Raw data START
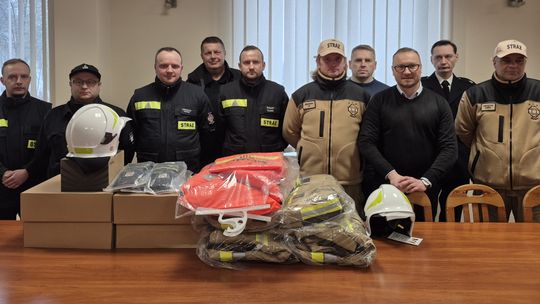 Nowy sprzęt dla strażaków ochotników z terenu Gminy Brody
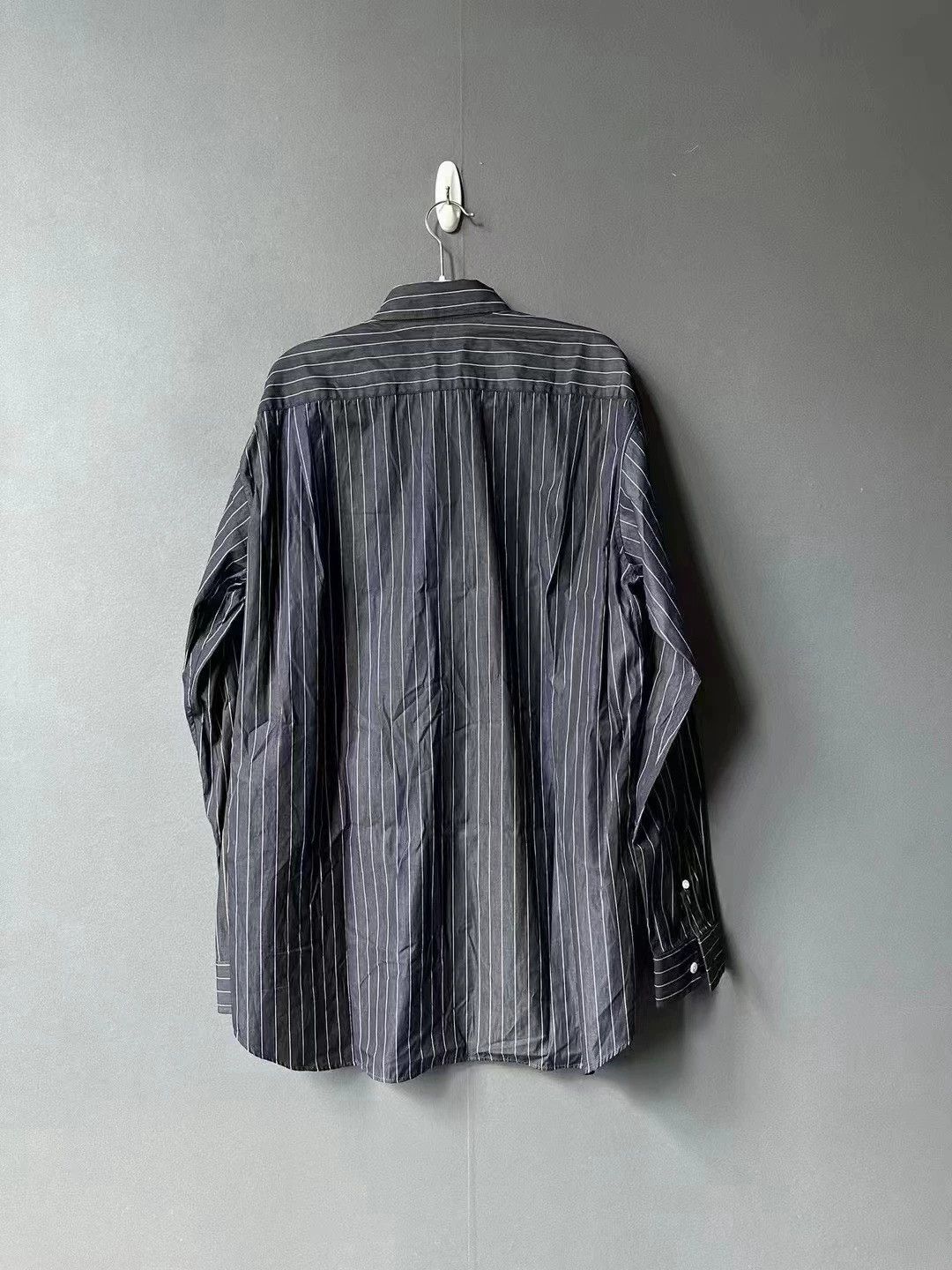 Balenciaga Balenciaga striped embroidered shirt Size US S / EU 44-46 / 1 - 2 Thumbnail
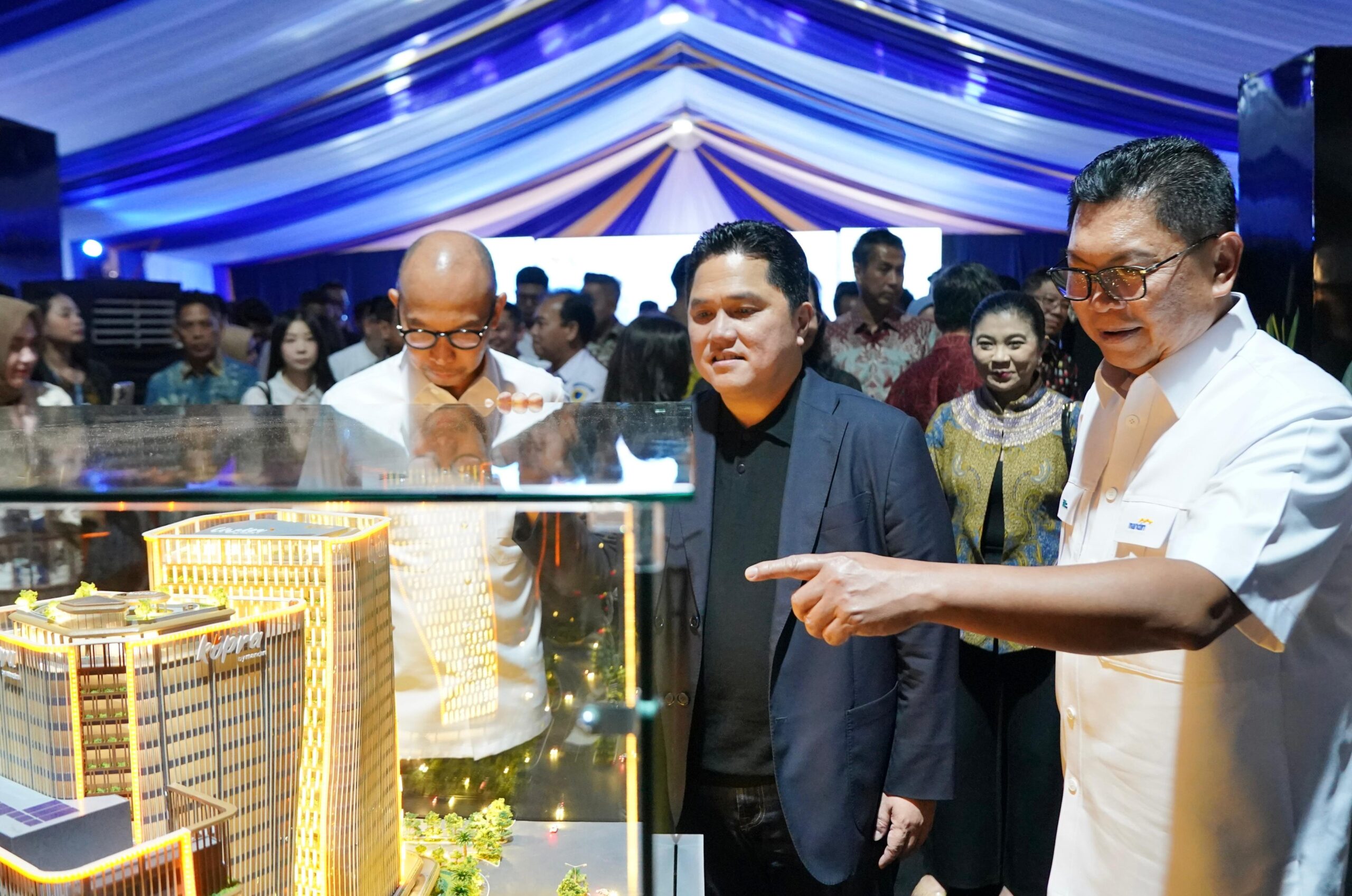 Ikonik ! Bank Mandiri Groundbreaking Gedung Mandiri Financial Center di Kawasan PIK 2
Raw data END
• _Required work_
The entire listing above, minus its pictures, should be copied out exactly.

• _Answer section_
 Nowy sprzęt dla strażaków ochotników z terenu Gminy Brody
 Balenciaga Balenciaga striped embroidered shirt Size US S / EU 44-46 / 1 - 2 Thumbnail
 Ikonik ! Bank Mandiri Groundbreaking Gedung Mandiri Financial Center di Kawasan PIK 2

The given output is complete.